▶ **WORK INSTRUCTION**: From the data below, copy exactly the lines that lie between the one holding "Close-up of calculator, cash" and the one holding "Matte black wall", including both, and nothing more.

[DATA SECTION — start]

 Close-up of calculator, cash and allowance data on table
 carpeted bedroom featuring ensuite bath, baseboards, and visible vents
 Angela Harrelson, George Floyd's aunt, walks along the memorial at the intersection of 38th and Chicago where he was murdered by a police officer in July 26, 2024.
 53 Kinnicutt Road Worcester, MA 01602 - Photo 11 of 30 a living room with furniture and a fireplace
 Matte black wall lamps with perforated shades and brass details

[DATA SECTION — finish]
[DATA SECTION — start]

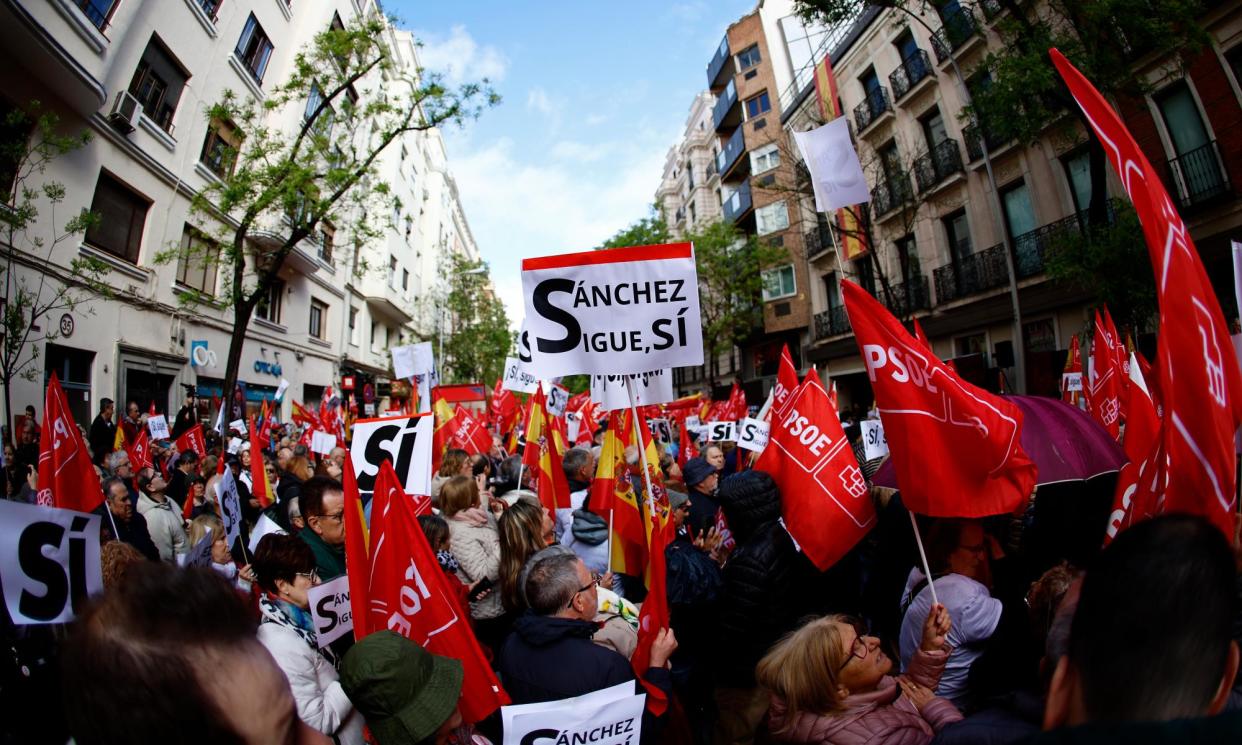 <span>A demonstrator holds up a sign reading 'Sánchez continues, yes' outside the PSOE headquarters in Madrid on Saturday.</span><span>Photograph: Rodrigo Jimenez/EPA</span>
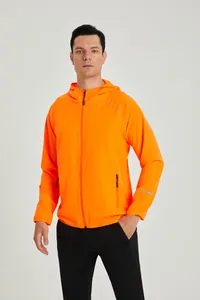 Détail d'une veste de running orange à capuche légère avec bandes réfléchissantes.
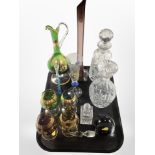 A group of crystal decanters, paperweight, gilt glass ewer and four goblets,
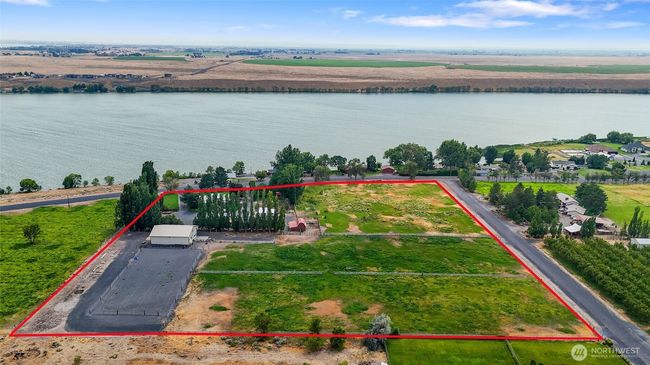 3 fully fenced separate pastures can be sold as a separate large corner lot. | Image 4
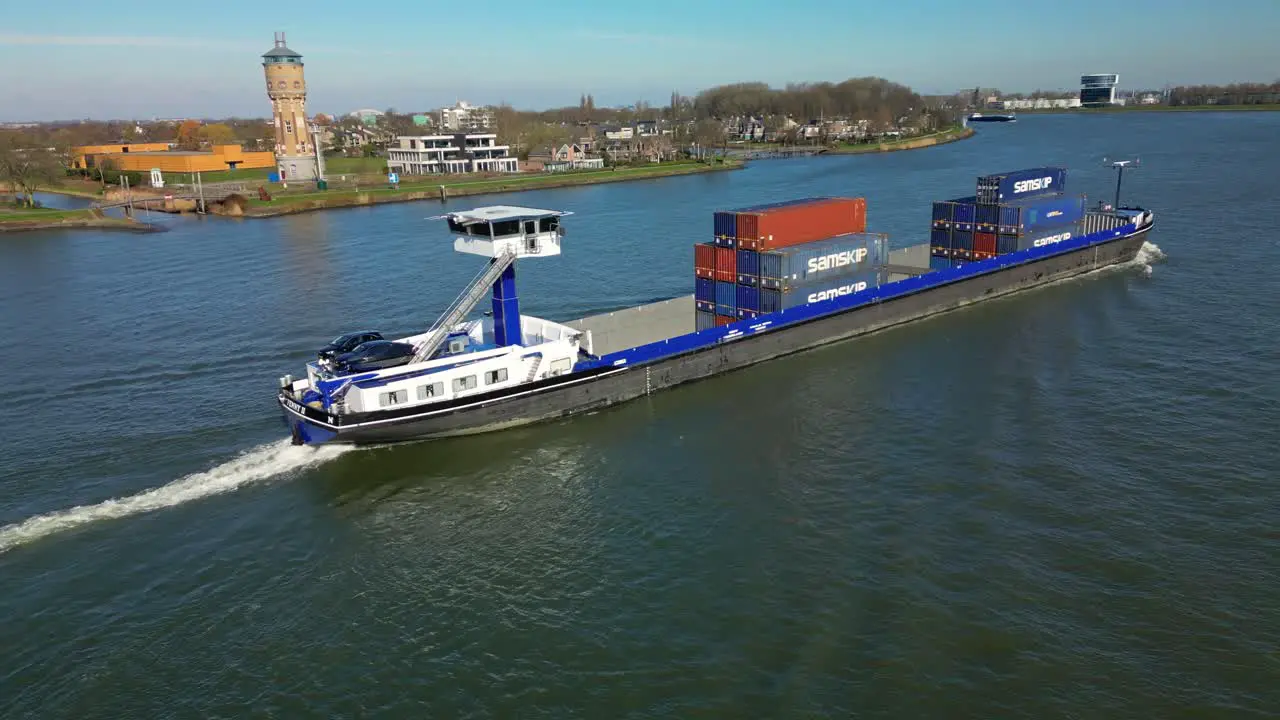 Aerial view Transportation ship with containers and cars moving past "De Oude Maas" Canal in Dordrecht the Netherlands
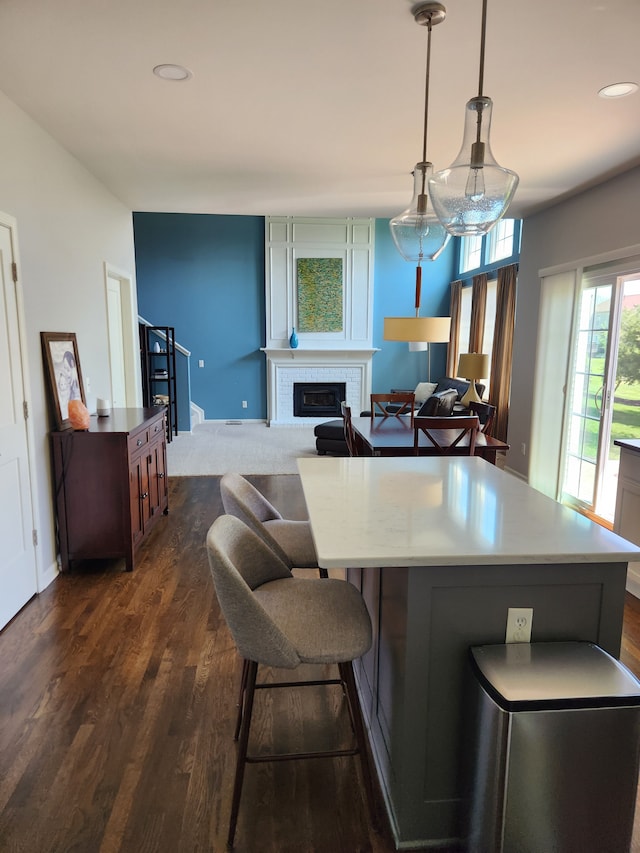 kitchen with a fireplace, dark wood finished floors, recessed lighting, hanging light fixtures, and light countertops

[DATA SECTION — finish]
[DATA SECTION — start]

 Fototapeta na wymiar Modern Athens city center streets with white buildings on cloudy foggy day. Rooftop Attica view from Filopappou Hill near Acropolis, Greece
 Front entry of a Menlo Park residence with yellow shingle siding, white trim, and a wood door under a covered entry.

[DATA SECTION — finish]

▶ **RESULT OF THIS TASK**:
 Close-up of calculator, cash and allowance data on table
 carpeted bedroom featuring ensuite bath, baseboards, and visible vents
 Angela Harrelson, George Floyd's aunt, walks along the memorial at the intersection of 38th and Chicago where he was murdered by a police officer in July 26, 2024.
 53 Kinnicutt Road Worcester, MA 01602 - Photo 11 of 30 a living room with furniture and a fireplace
 Matte black wall lamps with perforated shades and brass details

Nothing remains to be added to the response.